The problem is lack of awareness about scholarships as an instrument that can aid in curtailing dropouts. Scholarships can act as the bridge between unemployed and unskilled to employed and skilled.
How do scholarships help?
Abraham Lincoln once famously said, ‘the best way to predict your future is to create it’. Scholarships help you to create your future. You make an informed choice of opting to find avenues to study rather than dropping out of education. In India, just like the world, scholarships come in various forms. Here are the key categories forming the major chunk of the entire scholarship corpus.
Most of the government scholarships fall in this criteria. Candidates coming from a poor family background whose annual family income is usually less than 2.5 lacs per annum are eligible to apply for these scholarships.

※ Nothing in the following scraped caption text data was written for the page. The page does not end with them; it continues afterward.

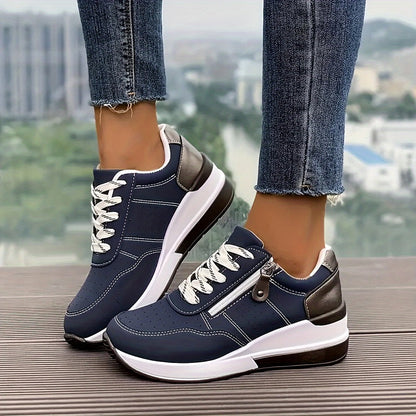 Comfortable Supportive Walking Shoe - Olytrend
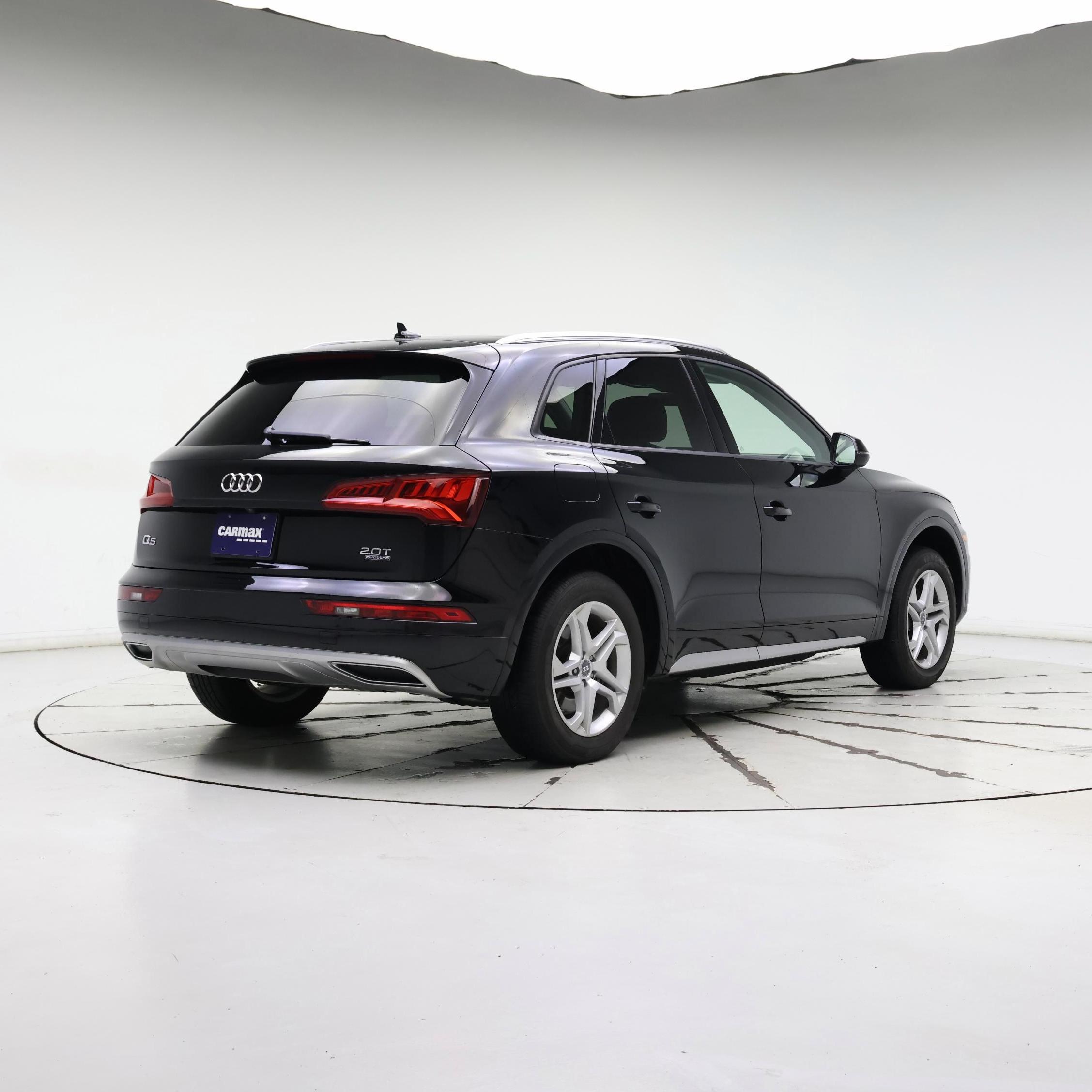 Thumbnail: 2018 Audi Q5 - 8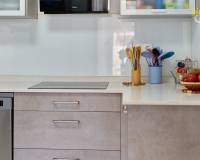 Resale - Bungalow - El Campello - El Campello Pueblo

The challenge, however, is to ascertain who amongst those below the specified income level needs it the most. There are cases where the student’s family income is less than 25000 per annum. Do such students stand a better chance of availing such scholarships or do they stand any chance at all? This is something that will continue to haunt the policymakers and educationists for times to come until such people are identified as groups requiring special focus. Such groups can then be assisted with special packages that are not meant for those who fare comparatively better.

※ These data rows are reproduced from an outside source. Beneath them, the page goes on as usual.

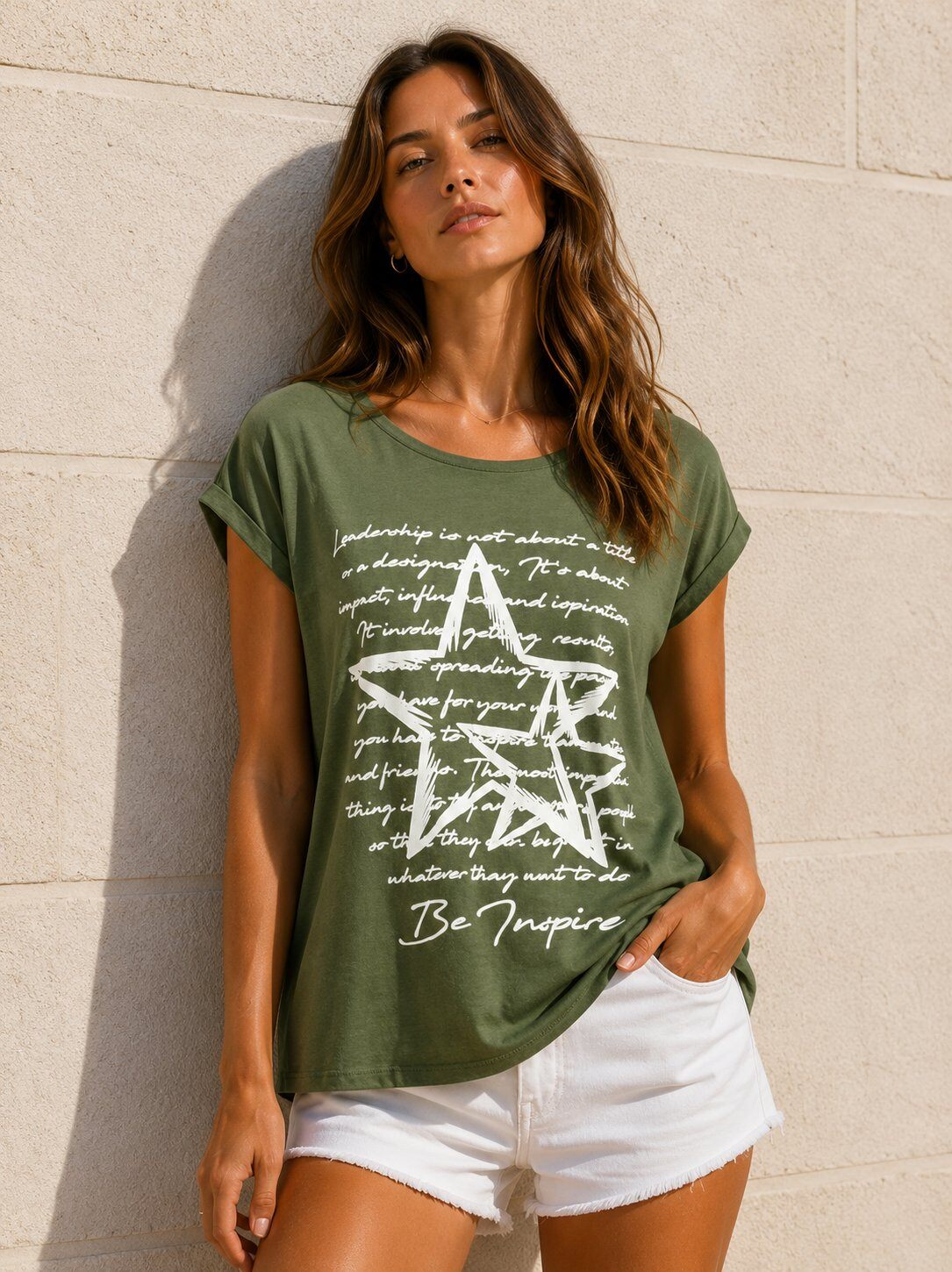 Grossiste VAN DER RICH - T-Shirt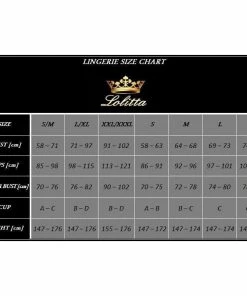 Lolitta Lingerie Four Piece Gangster Costume Costumes 7 Lolitta Lingerie Four Piece Gangster Costume Costumes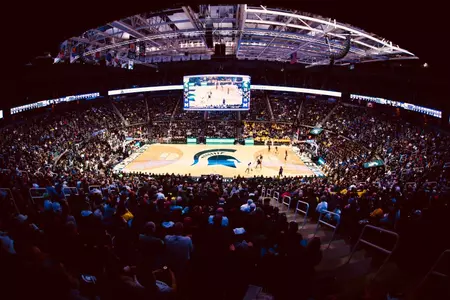 Breslin Center WBB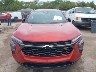 KL77LJE21RC****** Destrozados 2024 Chevrolet Trax en Estado de Indiana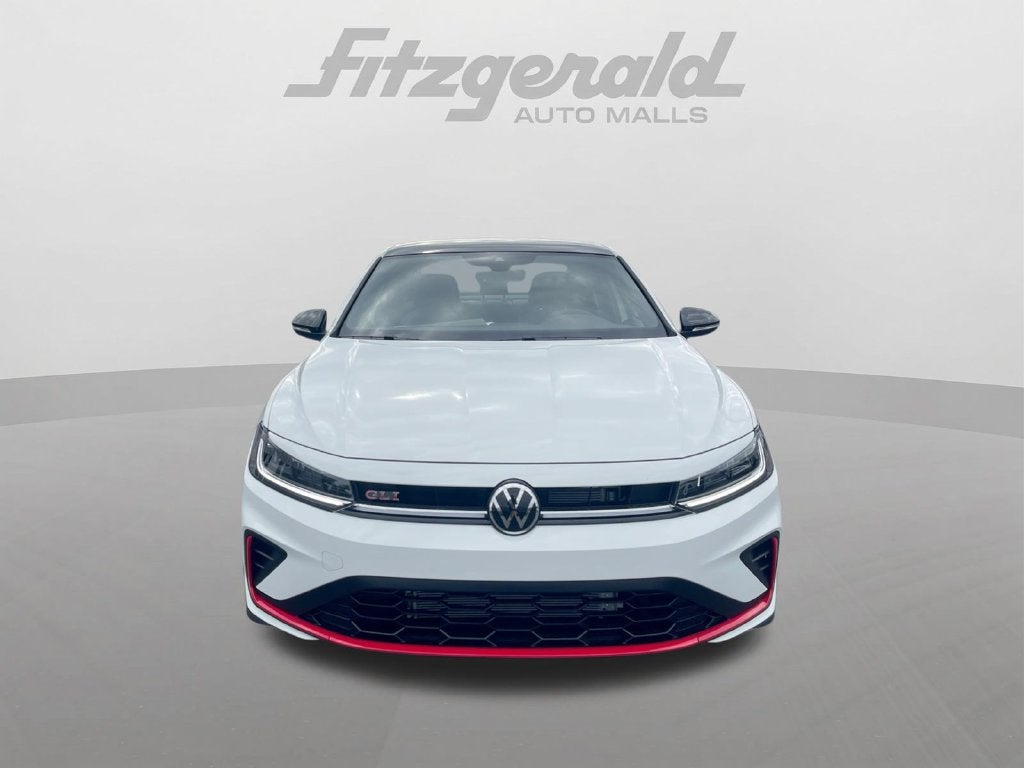 2027 Volkswagen Jetta GLI 2.0T Autobahn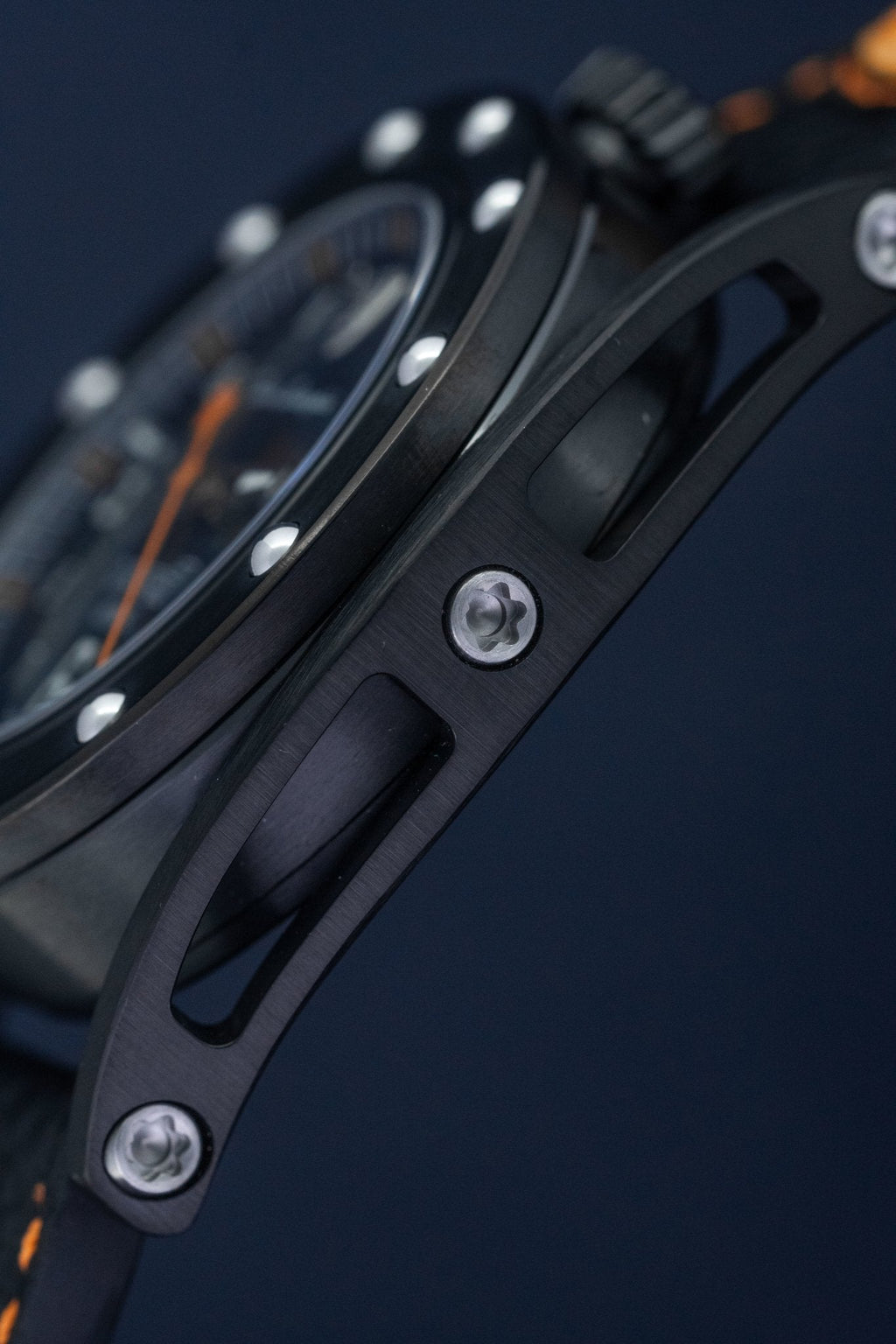 Tonino Lamborghini Cuscinetto R Watch Orange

Again, most of the government scholarships fall under this category. Students are disbursed scholarships basis their academic merit.
There are students who are in the A-grades, who have invested efforts and emerged victoriously. Then there are students who have fared better but just could not make it to the victory mark. Does this mean that they are less driven, less knowledgeable, less capable? And ironically, the merit is dependent on a stale education system that is in need of an immediate overhaul.

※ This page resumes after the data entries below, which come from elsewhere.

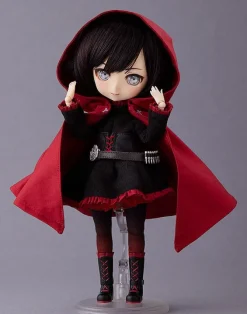 RWBY: Ice Queendom - Ruby Rose Harmonia Humming Puppe: Good Smile Company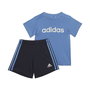 Conjunto Deportivo para Bebé Adidas Essentials Azul 37,5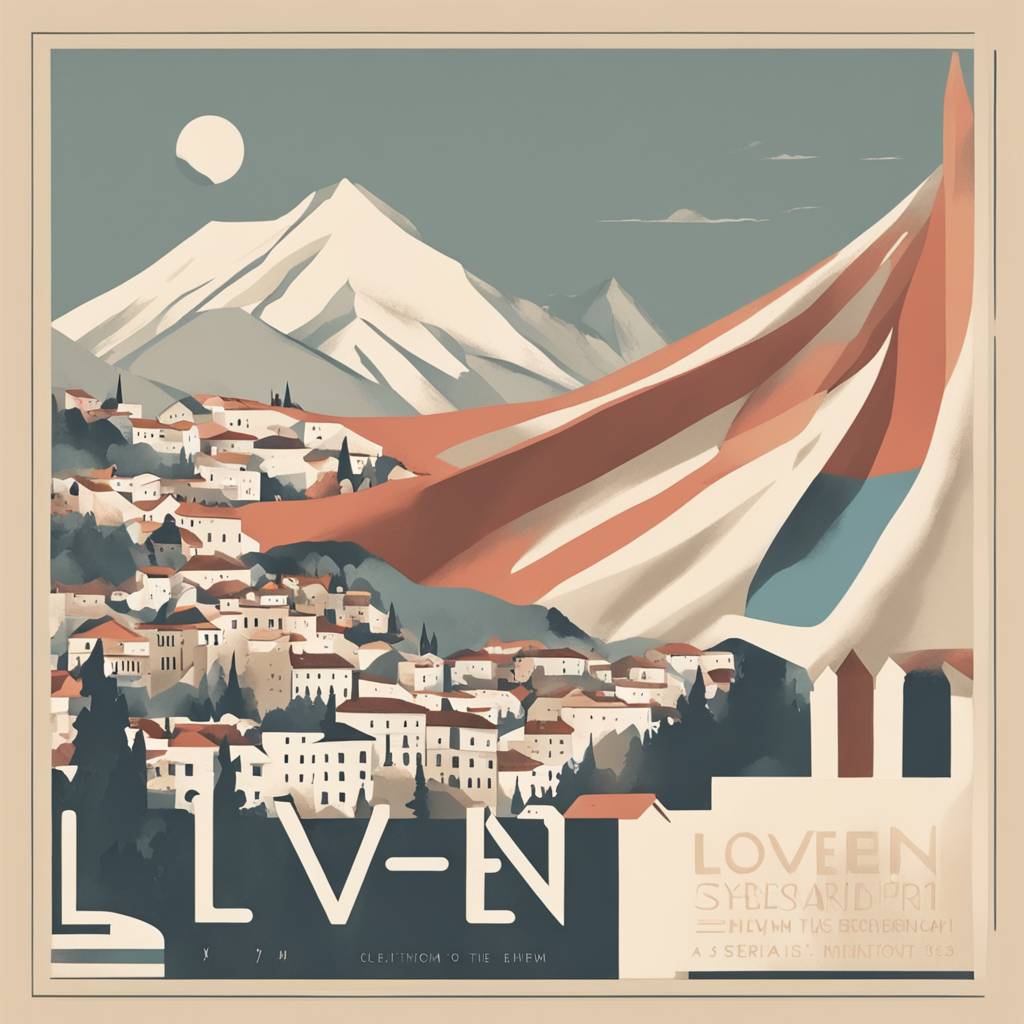 Lovćen: A Hymn to the Serbian Spirit from 1885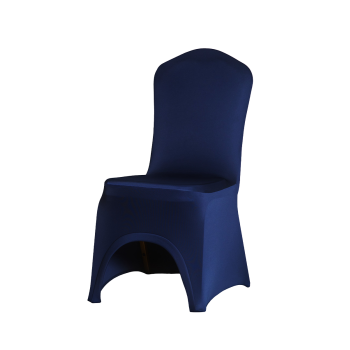 Stuhlhusse SLIMTEX LUX COLOR Dunkelblau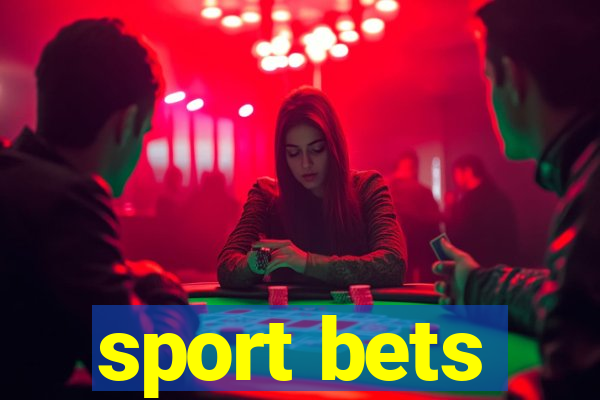 sport bets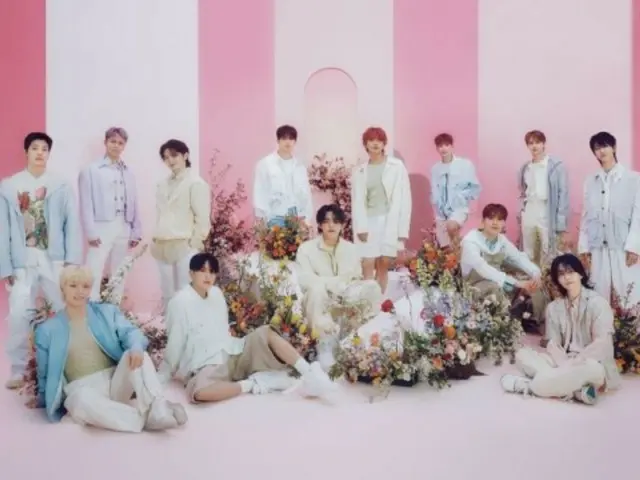 《SEVENTEEN》出演日本音乐节目《NHK MUSIC EXPO 2023》…14日播出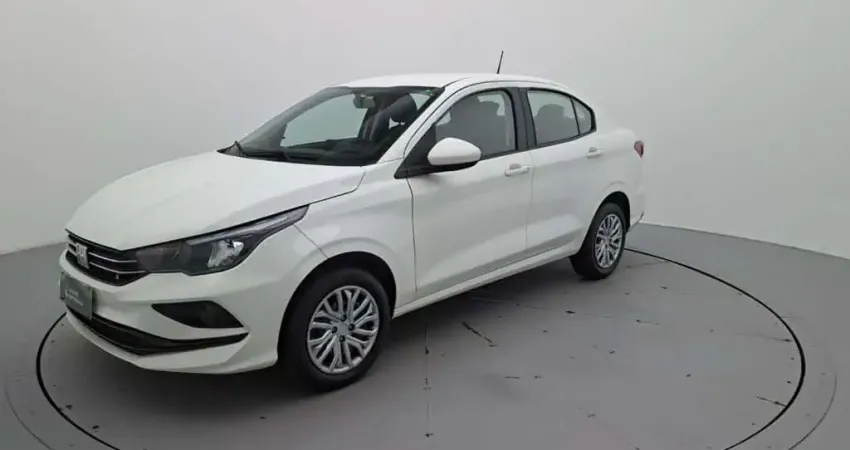 Fiat Cronos 2024 1.3 firefly flex drive manual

Merit-cum-need based scholarships
The third most popular category of scholarships provided by the government. Both income level, as well as merit, are the criteria to get a scholarship.
Many, if not all, students fall under this bracket. The volume of funds reserved especially for this category should be adequately higher than the rest. It is still to be seen, how education ministries achieve an equilibrium amidst all these categories.
How can we take education to those who are missing out?
Scholarships are a great tool to curtail dropouts. They are also pertinent in pursuing quality higher education. A vast chunk of the entire student population remains unaware of the perks of applying for and availing a scholarship. What is more worrying is that the enablers of education, the torchbearers of the future of India, the teachers too remain confused or largely unaware of these wonderful tools.
Mass media: Although scholarships do find a place in mediums of mass communication, the impact they create is too small. Education supplements these days are filled with advertisements of admissions to higher education institutes without realizing that students first need the funds to even think of taking this step. An admission policy that clubs with scholarships can help attain the dwindling balance. These eminent institutes also miss out on a pool of talent because the applicants lack the resources and ways to apply for such colleges.
Camps: Just like the revolutionary polio eradication drive by the government of India, the country is in dire need of an ‘education enabling drive’. While social entrepreneurship initiatives like Buddy4Study are toiling hard to reach out, a big push from the government is still the missing piece of the puzzle.
Teacher education: Yes, the teachers need to be taught again. It is not only the subjects they teach that would make a difference, it is also the lamps they light. Teachers can pave the way for a brighter future for the students by guiding them towards variously available scholarships and help them to fill the application forms. Remember, a positive first step is half the battle won. Many students do not win a scholarship because they never apply for one.